Los utensilios de vidrio deben de esterilizarse lo antes posible una vez que hayan sido perfectamente lavados, pues de otro modo se producirá́ una rápida multiplicación de gérmenes contaminantes, lo cual con toda seguridad alterará los resultados del análisis microbiológico.

     Un medio de cultivo es un sustrato o una solución de nutrientes que permite el desarrollo de microorganismos.

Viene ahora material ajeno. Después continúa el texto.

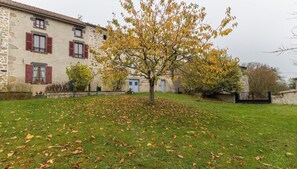 Exterior - Gîte "Chez Léon" - COURNOLS (COURNOLS)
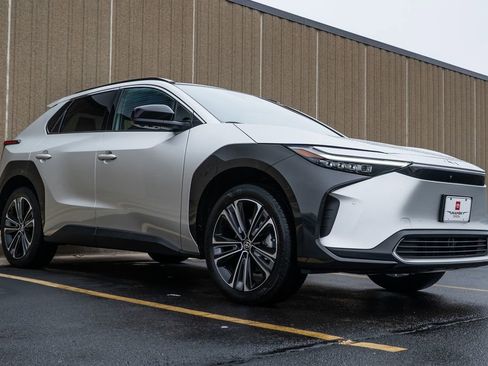 Used 2024 Toyota bZ4X Limited image 2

En las condiciones de laboratorio para realizar un cultivo, se debe inocular el medio de cultivo elegido (líquido, sólido o semisólido) las muestras dónde se encuentran los microorganismos que van a crecer y multiplicarse para obtener un crecimiento controlado.

Los microorganismos son los seres vivos más abundantes de la tierra, pueden vivir en condiciones extremas de pH, temperatura y tensión de oxígeno, colonizando una amplia diversidad de nichos ecológicos. Entre los requerimientos más importantes para su desarrollo está el sustrato (fuente de carbono), presencia o ausencia de oxígeno, nitrógeno (proteínas y aminácidos), agua y cofactores enzimáticos (metales como magnesio, manganeso o hierro). Muchos microorganismos sin embargo necesitan del aporte extra de factores de crecimiento específicos en forma de suero, sangre y extracto de levadura entre otros.

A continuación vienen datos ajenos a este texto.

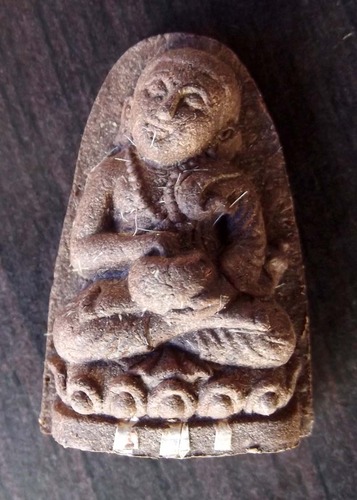 Pra Upakut - Nuea Chan Mak 3 Takrut Ngern (Chewed Areca nut with 3 silver Takrut) Hlang Yant Duang Sethee (millionaire Yantra on rear face) - &#39;Maha Tan Baramee 79 Edition&#39; 2554 BE - Luang Por Tong Dam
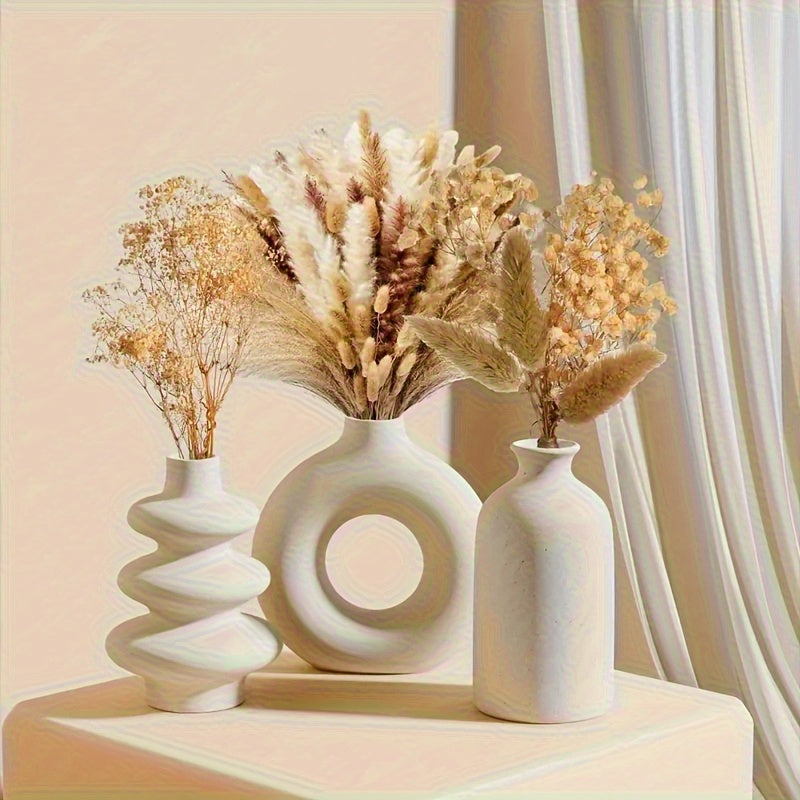 Conjunto de 3 vasos de cerâmica em estilo boémio com designs brancos redondos e torcidos, adornados com arranjos florais naturais. Ideal para decoração de casa, casamentos, salas de estar, quartos e exposições de cafés.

     El proceso de aislamiento consiste en disponer de la descendencia de un individuo (célula) inmovilizada sobre la superficie de un medio sólido y separada del resto de individuos presentes en el cultivo mixto. Esta célula, en las condiciones de crecimiento adecuadas dará́ lugar a una descendencia que resultará en un agrupamiento macroscópico visible y que se llama colonia. Cada colonia contiene millones o miles de millones de células idénticas y con el mismo origen y propiedades. Se puede demostrar que prácticamente cada colonia procede de una sola célula o de un grupo de células del mismo tipo si el microorganismo forma agregados. Por ello lo más correcto es hablar de unidades formadoras de colonias (UFC) al referirnos a la concentración de células capaces de generar una colonia. El cultivo descendiente de una misma colonia y que en un principio muestra similitudes morfológicas vistas al microscopio se considera un cultivo puro.

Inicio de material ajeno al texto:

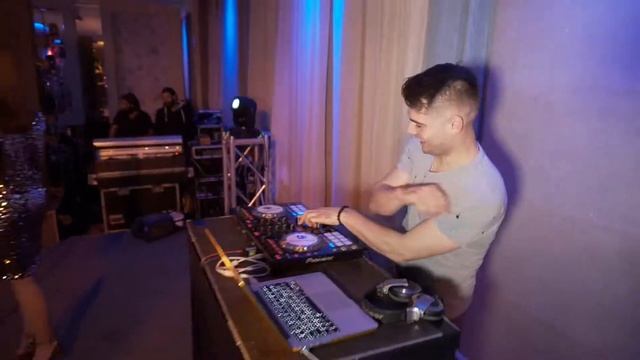Tomas Nevergreen & Polina Rafeeva (feat. Dj Ustus)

     En los primeros tiempos de la Microbiología se utilizaban como sustratos sólidos para inmovilizar los microorganismos patatas o pan, con el inconveniente de la opacidad de estos sustratos. En el laboratorio de Robert Koch se desarrollaron técnicas para solidificar un medio líquido con composición conocida añadiendo una sustancia sin opacidad y con la posibilidad de modificar la composición del medio líquido según los requerimientos nutricionales del microorganismo a aislar.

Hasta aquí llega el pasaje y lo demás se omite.